As an agent of the defendant, Mrs. Menerey wrote the policies in question and made report thereof to the defendant company. It thus obtained information that the plaintiff's property was covered by its insurance. When the loss occurred, the policies were still in the hands of the agent. They had been left there by the plaintiff, and her possession of them was that of the plaintiff, and not of the company. On December 14th, when plaintiff paid the agent the balance of the premium, he testified that he "asked her for the policies. She said the policies had gone in for cancellation." Mrs. Menerey testified that she sent the policies to the defendant; that she reported the loss, and that an adjuster, sent by the company, came to her office and examined her records of the policies issued, and that the policies were returned to her from the defendant a few days before *570 she turned them over to plaintiff's attorney on February 9th.

J.E. Ettinger, who held a mortgage on the home property, testified that he asked for the policy made payable to him as his interest should appear, and Mrs. Menerey told him that it had been sent in for cancellation. It does not appear that these policies were canceled. Defendant's officials well know that, to entitle plaintiff to recover under them, he must file proofs of loss within 60 days after the fire occurred. They also knew, or should be charged with knowing, that plaintiff must have the policies in his possession in order to submit such proofs, and yet they retained them in their possession until after the 60-day period had expired.
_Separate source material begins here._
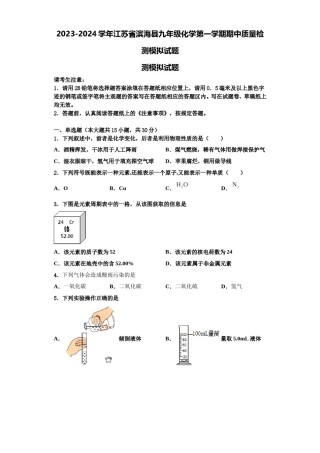 2023-2024学年江苏省滨海县九年级化学第一学期期中质量检测模拟试题含解析.doc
While, as before stated, Mrs. Menerey's possession was the possession of the plaintiff, it was her duty to him to deliver the policies upon his request therefor. This she failed to do, but sent them to the defendant. Her explanation is, "I thought they were no use to anybody after a fire with a total loss. I didn't think they was any use to anybody." When the officials of the company received these policies, they had been informed of the loss and had sent an adjuster to investigate it. It also appears that the letter written by plaintiff to Mrs. Menerey on January 9th (above quoted) was produced on the hearing by defendant's attorney. Mrs. Menerey testified that she did not know whether she had sent it to the company or not. The jury might well have found that she did so. The retention of the policies by the defendant until after the time for making proofs of loss had expired, in view of the information conveyed to it that plaintiff was seeking to secure them or the name of the insurer, was inexcusable. Had it mailed the policies to the plaintiff, or sent them to *571 its agent with instructions to deliver them, the necessary proofs would doubtless have been furnished. By its own acts it prevented a compliance with the terms of its policies, and cannot now be heard to rely on such noncompliance as a defense to this action.

The judgment is reversed, with costs, and a new trial ordered.

WIEST, C.J., and BUTZEL, CLARK, McDONALD, POTTER, NORTH, and FEAD, JJ., concurred.